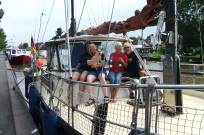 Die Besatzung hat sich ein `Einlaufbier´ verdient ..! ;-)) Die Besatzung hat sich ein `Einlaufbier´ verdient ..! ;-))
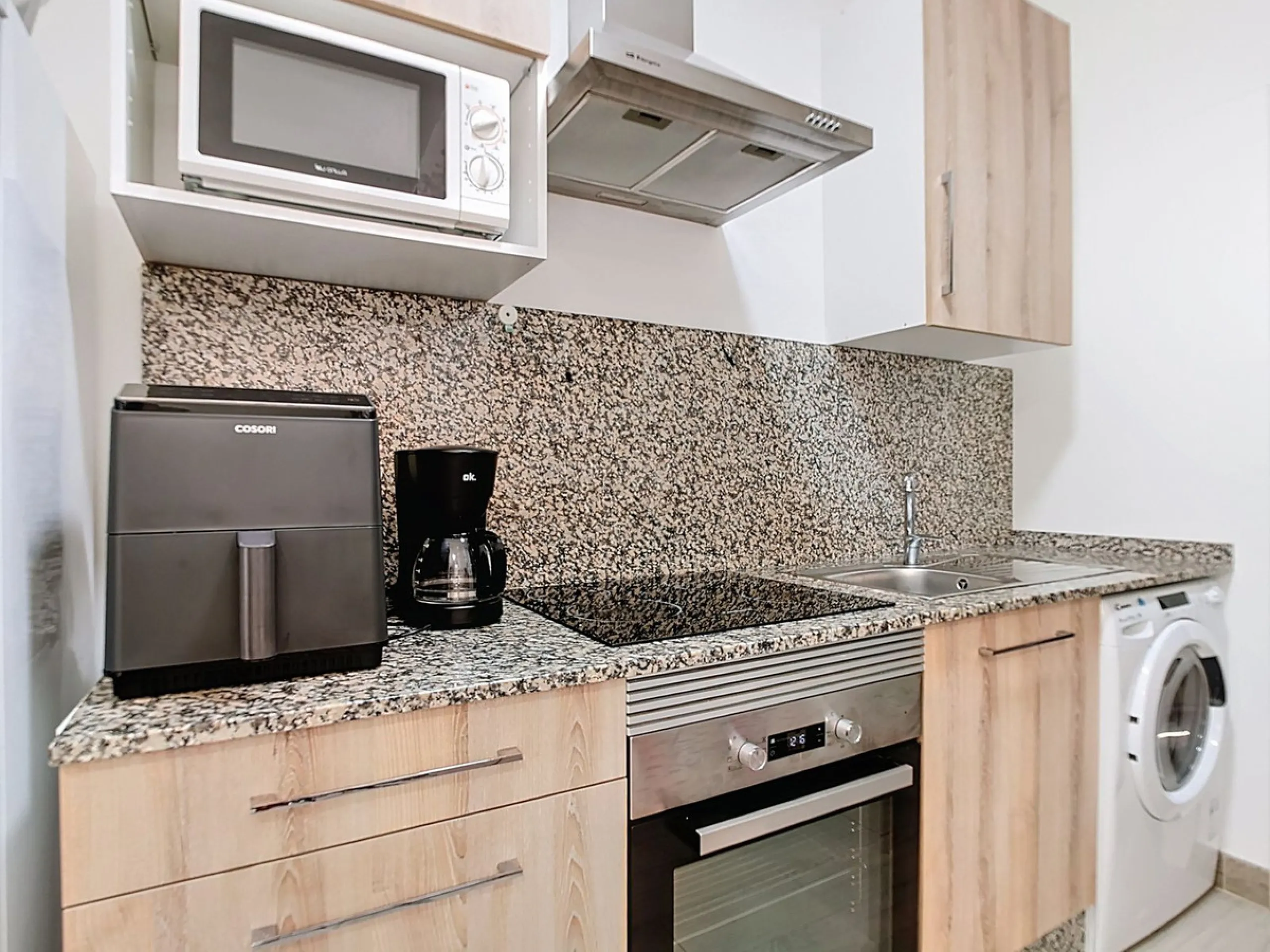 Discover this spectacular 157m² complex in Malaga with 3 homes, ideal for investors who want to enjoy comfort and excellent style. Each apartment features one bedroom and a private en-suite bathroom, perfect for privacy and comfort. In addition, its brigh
--
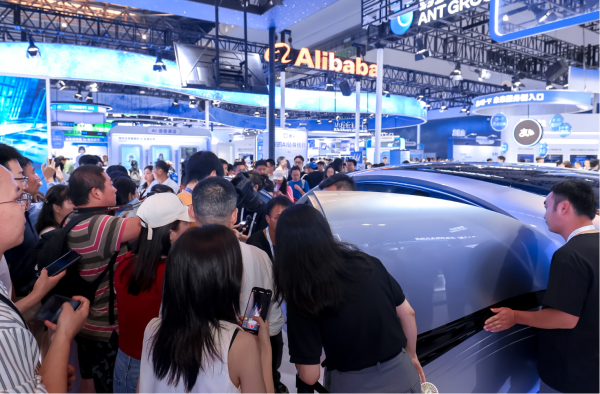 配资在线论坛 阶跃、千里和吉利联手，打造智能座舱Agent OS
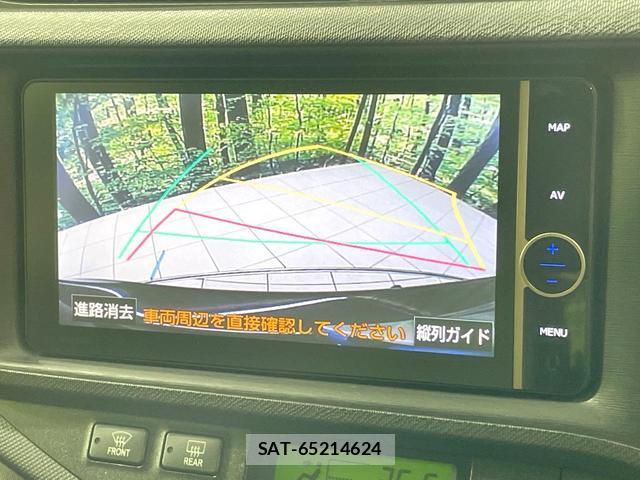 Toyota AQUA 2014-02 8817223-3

Problem details: Using the records above, print exactly the run of lines that starts with the line with "配资在线论坛 阶跃、千里和吉利联手，打造智能座舱Agent OS" and goes on through the line with "Toyota AQUA 2014-02 8817223-3", pictures excluded.

Result of the task:
 配资在线论坛 阶跃、千里和吉利联手，打造智能座舱Agent OS
 Toyota AQUA 2014-02 8817223-3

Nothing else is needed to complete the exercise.